Additionally, as a ruthenium compound, its hydrate may be used
according to need, and two kinds or more of it may be used.
[0008] In a ruthenium compound are normally contained impurities
attributable to a raw material during its preparation,
specifically, elements such as sodium, magnesium, aluminum,
silicon, calcium, iron, copper, zinc, rhodium, palladium, iridium,
platinum and gold as a chemical element or a compound. Depending on
the kinds of their impurities, the catalyst performance of the
resultant supported ruthenium oxide, particularly the performance
as a catalyst for producing chlorine by oxidizing hydrogen chloride
with oxygen is inversely affected. In particular, sodium,
magnesium, aluminum, silicon, calcium, iron and copper are liable
to decrease the catalyst performance of the resulting supported
ruthenium oxide catalyst. Thus, in the present invention, as a
ruthenium compound of a raw material, a ruthenium compound in which
the total of each content of sodium, magnesium, aluminum, silicon,
calcium, iron, copper and zinc is a specified value or less,
specifically, a ruthenium compound in which the total of the
contents is 500 weight ppm or less based on the amount of the
ruthenium of the ruthenium compound is used. This makes it possible
to produce with good reproducibility supported ruthenium oxide
excellent in catalyst performance, particularly, initial
activity.
[0009] In addition, albeit to lesser extents than those of the
above regulated sodium, magnesium, aluminum, silicon, calcium,
iron, copper and zinc, even rhodium, palladium, iridium, platinum
and gold are liable to decrease the catalyst performance of the
resulting supported ruthenium oxide catalyst. Accordingly, as a
ruthenium compound of a raw material, it is preferable to use a
ruthenium compound that satisfies the above regulation and also has
the total of each content of rhodium, palladium, iridium, platinum
and gold of a specified value or less, specifically, the total of
1500 weight ppm or less based on the amount of the ruthenium of the
ruthenium compound.
[0010] The ruthenium compound in which the amounts of impurities
are the specified values or less as mentioned above may be selected
and provided from commercially available high-purity articles, or
may be prepared by purifying a ruthenium compound in which the
amounts of impurities exceed the specified values by means of
rectification, crystallization or washing.
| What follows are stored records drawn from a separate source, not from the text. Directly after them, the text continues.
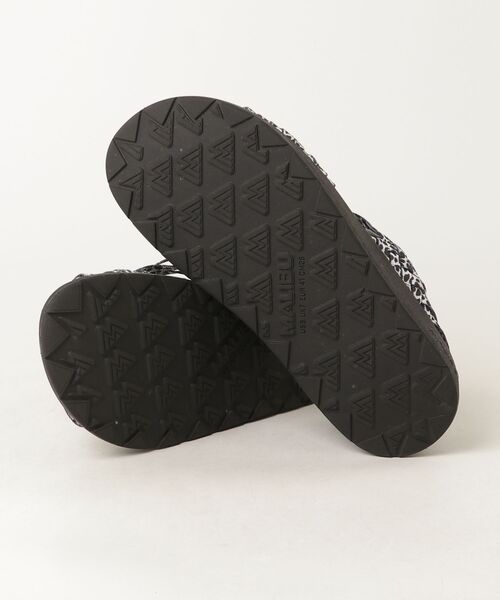 「MALIBU SANDALS」 サンダル 26cm ホワイト メンズ_画像3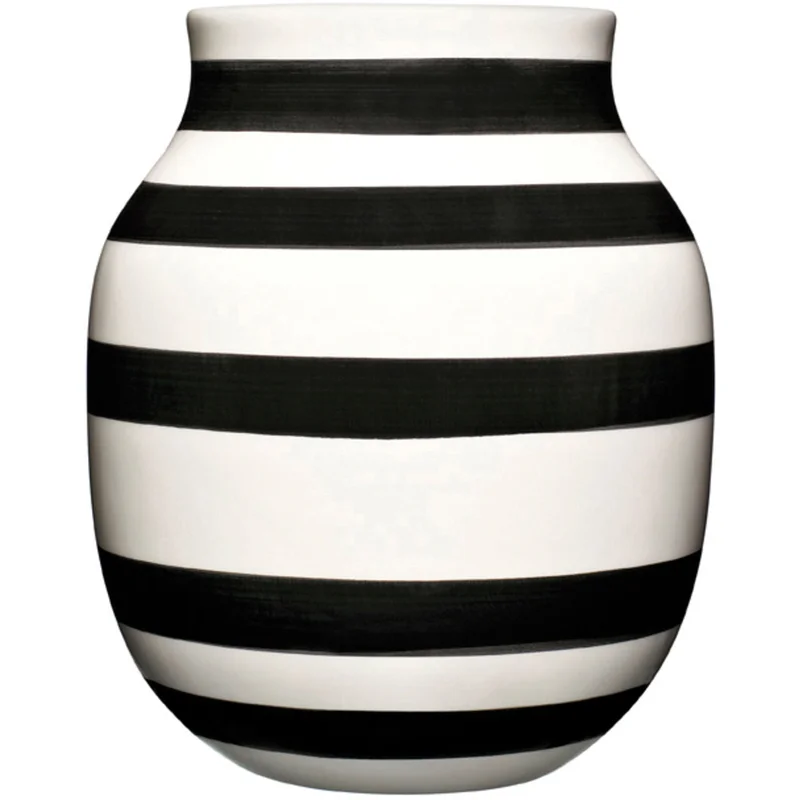 Kähler Omaggio vase sort 20 cm. | KitchenOne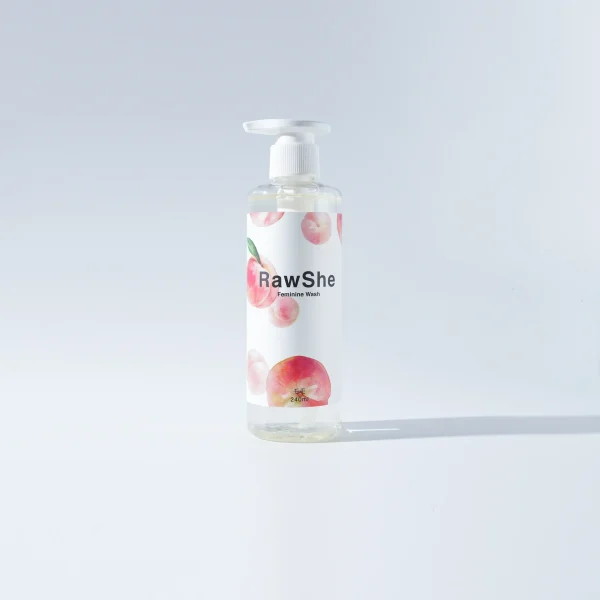RawShe 桃女性護理沐浴露240ml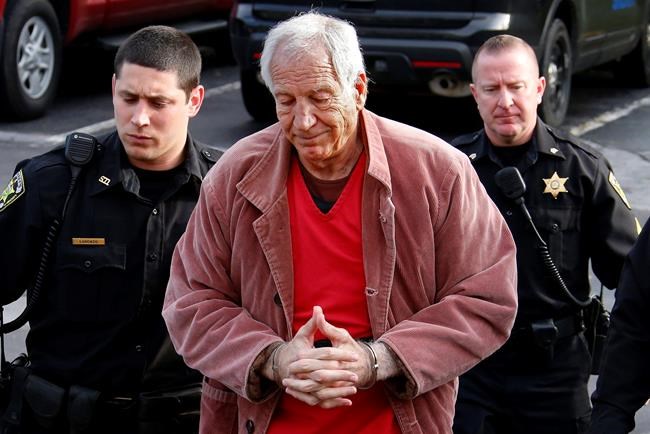 Sandusky to be resentenced next month in molestation case | iNFOnews.ca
The amounts of
impurities in a ruthenium compound can be determined, for example,
by inductively coupled plasma analysis (hereinafter, referred to as
ICP analysis), atomic absorption analysis, ion chromatography
analysis or the like. In particular, ICP analysis is preferred due
to high accuracy and also a wide range of elements to be
determined.
[0011] The supported ruthenium oxide is produced by supporting a
ruthenium compound as mentioned above on a carrier and then
calcining it in an oxygen-containing gas atmosphere. The carrier
includes, for example, an oxide or a mixed oxide of elements
selected from aluminum, silicon, titanium, zirconium and niobium,
activated carbon, and the like. Mixtures of two or more of the
carriers may be used as required. Of these, alumina, silica,
titanium oxide and zirconium oxide are preferably used, and in
particular, titanium oxide having the rutile crystalline structure
is preferably used.
[0012] The methods for supporting a ruthenium compound on a carrier
include, for example, a method of impregnating a solution of a
ruthenium compound in a carrier, a method of immersing a carrier in
a solution of a ruthenium compound and adsorbing the ruthenium
compound in a carrier, and the like. Additionally, after supported,
as required, reduction treatments may be carried out, for example,
as described in Patent Documents 2 to 5.
[0013] After the ruthenium compound is supported on a carrier, the
supported ruthenium oxide is produced by calcining it in an
oxygen-containing gas atmosphere. As the oxygen-containing gas, air
may be used or pure oxygen may be used. The calcining temperature
is normally from 100 to 500.degree. C., preferably from 200 to
400.degree. C.
[0014] The ratio of weight of ruthenium oxide/carrier in the
supported ruthenium oxide is normally from 0.1/99.9 to 20/80,
preferably from 0.5/99.5 to 15/85, and the ratio of use of the
ruthenium compound to the carrier may be controlled so as to be in
the range. When the amount of ruthenium oxide is too small, the
catalyst activity may be insufficient; when the amount is too
large, the case is inadvantageous in terms of cost. Additionally,
the oxidation number of the ruthenium in ruthenium oxide is
normally +4 and ruthenium oxide is ruthenium dioxide (RuO.sub.2) in
this case, and ruthenium of other oxidation numbers or other forms
of ruthenium oxide may be contained.
[0015] If supported ruthenium oxide thus produced is used as a
catalyst and hydrogen chloride is oxidized with oxygen in the
presence of the catalyst, chlorine can be efficiently produced with
good reproducibility. The system of the reaction may be a fixed bed
system or a fluidized bed system. Usually, a gas phase reaction
such as a fixed bed gas phase distribution system or a movable bed
gas phase distribution system is advantageously adopted.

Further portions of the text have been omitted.